The word ذهن has very few meanings and it seemed it could be a loan-word from another language. Do you have any idea about that?

As a second question do you recommend it to use a counterpart of Ancient Greek "nous"?
 
  • Faylasoof

    Senior Member
    English (UK) & Urdu (Luckhnow), Hindi
    Hello,

    The word
    ذهن has very few meanings and it seemed it could be a loan-word from another language. Do you have any idea about that?

    As a second question do you recommend it to use a counterpart of Ancient Greek "nous"?
    Not really sure what you mean but as Origumi has pointed out, the Arabic ذهن has found its way into many languages.

    We use
    ذهن in Urdu (and so in colloquial Hindi too) with the same meaning as in the original Arabic = mind, intellect, etc.

    Here
    is the relevant page of Woodhouse’s online English-Attic Greek dictionary! The English mind = Attic Greek νους.
     

    Arabus

    Senior Member
    Arabic-Aleppo
    I assure you it is native Arabic. It is probably from Afro-Asiatic origin.

    You can know by comparing the root to other similar roots in the same language. There are many roots in Arabic similar to this root phonologically and semantically, so it must be native and ancient one.

    dh h n = mind
    dh h l = astonish
    dh h b = gold
    dh 3 r= scare
    etc.
     

    origumi

    Senior Member
    Hebrew
    You can know by comparing the root to other similar roots in the same language. There are many roots in Arabic similar to this root phonologically and semantically, so it must be native and ancient one.
    There are two few 3-letters combinations to justify such claim unless there's a clear connection between the roots meaning. For example, how mind and gold are similar? Also, it's important to show that the roots were'nt different originally and becames similar as a result of sound shifts.
     

    إسكندراني

    Senior Member
    عربي (مصر)ـ | en (gb)
    ذِهْن
    Mind, learned-by-heart, understanding, shrewdness, strength - a verb is derived from it allowing comparison of how much ذهن a person has compared to another
    Source: لسان العرب، القاموس المحيط، الصحاح في اللغة.
    None seem to suggest it's imported from another language, but nor do they suggest it's derived from a 3-letter root.
    Maybe someone can rummage some more :D
     

    Mahaodeh

    Senior Member
    Arabic, PA and IA.
    I have to disagree with you Iskandarani, it is actually listed under a three letter root ذ ه ن!!
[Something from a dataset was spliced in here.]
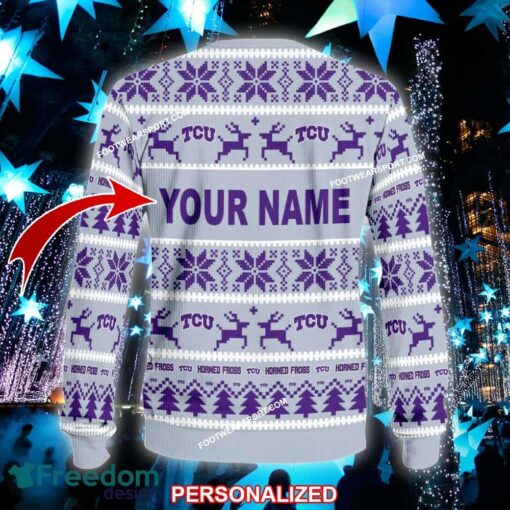 Custom Name NEW Star TCU Horned Frogs Ugly Christmas Sweater Gift Holidays - NCAA TCU Horned Frogs Ugly Christmas Sweater For Men And Women Photo 2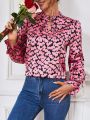 SHEIN LUNE Ladies' Long Sleeve Shirt With Heart Print And Ruffle Hem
    Anyhow, why do you need more three letter roots to prove that it's Arabic? It's used in Arabic, all other languages that use it have clearly borrowed it from Arabic, there is no evidence that it is a loanword in Arabic (having only a handful of meanings is not evidence, it's just a possibility), no other language claims it, so why would anyone assume that it's not Arabic.
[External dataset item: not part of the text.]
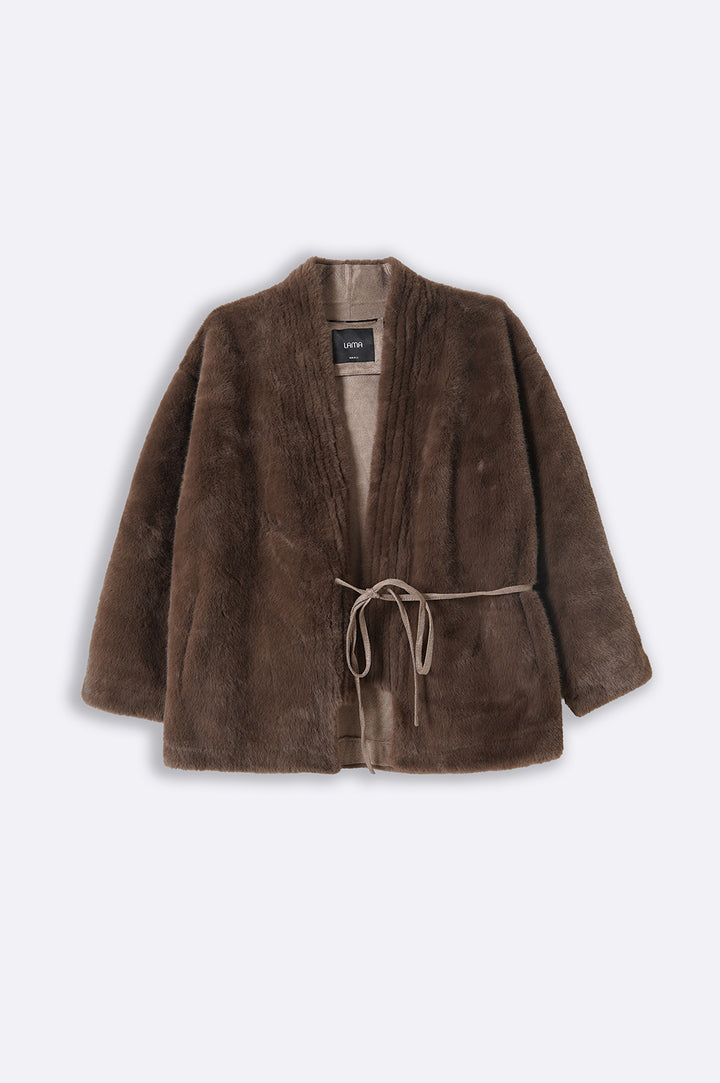 BROWN LUXE FUR WRAP COAT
    I don't have a problem with it being a loanword, but we can't just assume words are loanwords just because the root has a handful of words listed in it. There are over 6500 roots listed in Lisaan Al Arab, assuming (just a guess) 80% are pure Arabic, that would be 5200 root. If each root is going to have 100 words in it then we will easily exceed 5 million words in the Lisaan alone (and it's about 900 years old).
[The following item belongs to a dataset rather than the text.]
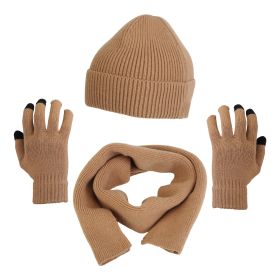 Winter Knitted Hat Scarf Gloves 3Pcs Winter Warm Beanie and Touch Screen Gloves Long Neck Scarf Set Knit Beanie Skull Cap Neck Warmer Anti-Slip Mitten (Option: Khaki)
    Common sense says, not all roots in Arabic need to have a dozen meanings with a dozen words for each meaning and a dozen entries for each word. Besides, it can be purely Arabic, but more recent than other roots - we are allowed to invent new words and classify them under new roots you know. We've done it before, heck, every language has done it before.
     

    Ghabi

    Senior Member
    Cantonese
    Besides, it can be purely Arabic, but more recent than other roots - we are allowed to invent new words and classify them under new roots you know.
    This is well said, Maha.:thumbsup: I also want to point to those obviously very old words like يد and دم, which have no other derivatives مشتق than one or two corresponding adjectives.